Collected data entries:
Segment Open
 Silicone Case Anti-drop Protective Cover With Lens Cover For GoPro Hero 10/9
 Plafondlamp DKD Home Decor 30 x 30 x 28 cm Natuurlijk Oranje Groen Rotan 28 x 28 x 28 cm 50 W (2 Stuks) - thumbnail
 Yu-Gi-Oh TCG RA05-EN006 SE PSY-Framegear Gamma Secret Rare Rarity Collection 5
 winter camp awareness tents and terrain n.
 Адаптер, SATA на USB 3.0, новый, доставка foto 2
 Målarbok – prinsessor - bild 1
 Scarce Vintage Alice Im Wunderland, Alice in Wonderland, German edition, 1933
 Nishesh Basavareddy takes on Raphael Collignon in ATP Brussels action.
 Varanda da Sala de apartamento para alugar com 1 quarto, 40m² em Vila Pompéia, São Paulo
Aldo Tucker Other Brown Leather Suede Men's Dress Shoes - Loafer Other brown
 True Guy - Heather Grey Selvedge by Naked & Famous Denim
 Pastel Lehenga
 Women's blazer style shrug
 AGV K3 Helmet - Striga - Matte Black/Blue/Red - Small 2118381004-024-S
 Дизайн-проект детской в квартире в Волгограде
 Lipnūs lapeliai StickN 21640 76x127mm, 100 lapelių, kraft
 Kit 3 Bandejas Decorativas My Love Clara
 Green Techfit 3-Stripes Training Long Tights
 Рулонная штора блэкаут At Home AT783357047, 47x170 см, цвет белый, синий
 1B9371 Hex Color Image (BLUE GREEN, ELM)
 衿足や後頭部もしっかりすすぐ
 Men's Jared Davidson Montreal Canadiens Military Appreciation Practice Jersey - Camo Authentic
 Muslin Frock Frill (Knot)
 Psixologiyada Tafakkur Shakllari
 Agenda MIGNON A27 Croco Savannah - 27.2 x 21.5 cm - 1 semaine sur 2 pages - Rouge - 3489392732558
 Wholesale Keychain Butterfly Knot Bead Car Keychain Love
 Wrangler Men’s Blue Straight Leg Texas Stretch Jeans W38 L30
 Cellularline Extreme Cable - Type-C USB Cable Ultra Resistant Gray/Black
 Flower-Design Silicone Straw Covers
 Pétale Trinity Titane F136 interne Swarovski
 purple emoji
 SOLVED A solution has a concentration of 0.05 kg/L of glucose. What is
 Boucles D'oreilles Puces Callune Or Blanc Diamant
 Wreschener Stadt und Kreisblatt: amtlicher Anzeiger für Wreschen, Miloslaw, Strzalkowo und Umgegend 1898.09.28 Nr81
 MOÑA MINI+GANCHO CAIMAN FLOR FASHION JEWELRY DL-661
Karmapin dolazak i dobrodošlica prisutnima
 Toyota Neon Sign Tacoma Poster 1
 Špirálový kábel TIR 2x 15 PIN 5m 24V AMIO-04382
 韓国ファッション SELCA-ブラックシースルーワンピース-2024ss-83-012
Segment Closed
:: WORK TO COMPLETE ::
Write down, word for word, the lines above from the one containing "winter camp awareness tents and terrain n." through the one containing "Рулонная штора блэкаут", both ends included.

:: EXERCISE RESULT ::
 winter camp awareness tents and terrain n.
 Адаптер, SATA на USB 3.0, новый, доставка foto 2
 Målarbok – prinsessor - bild 1
 Scarce Vintage Alice Im Wunderland, Alice in Wonderland, German edition, 1933
 Nishesh Basavareddy takes on Raphael Collignon in ATP Brussels action.
 Varanda da Sala de apartamento para alugar com 1 quarto, 40m² em Vila Pompéia, São Paulo
Aldo Tucker Other Brown Leather Suede Men's Dress Shoes - Loafer Other brown
 True Guy - Heather Grey Selvedge by Naked & Famous Denim
 Pastel Lehenga
 Women's blazer style shrug
 AGV K3 Helmet - Striga - Matte Black/Blue/Red - Small 2118381004-024-S
 Дизайн-проект детской в квартире в Волгограде
 Lipnūs lapeliai StickN 21640 76x127mm, 100 lapelių, kraft
 Kit 3 Bandejas Decorativas My Love Clara
 Green Techfit 3-Stripes Training Long Tights
 Рулонная штора блэкаут At Home AT783357047, 47x170 см, цвет белый, синий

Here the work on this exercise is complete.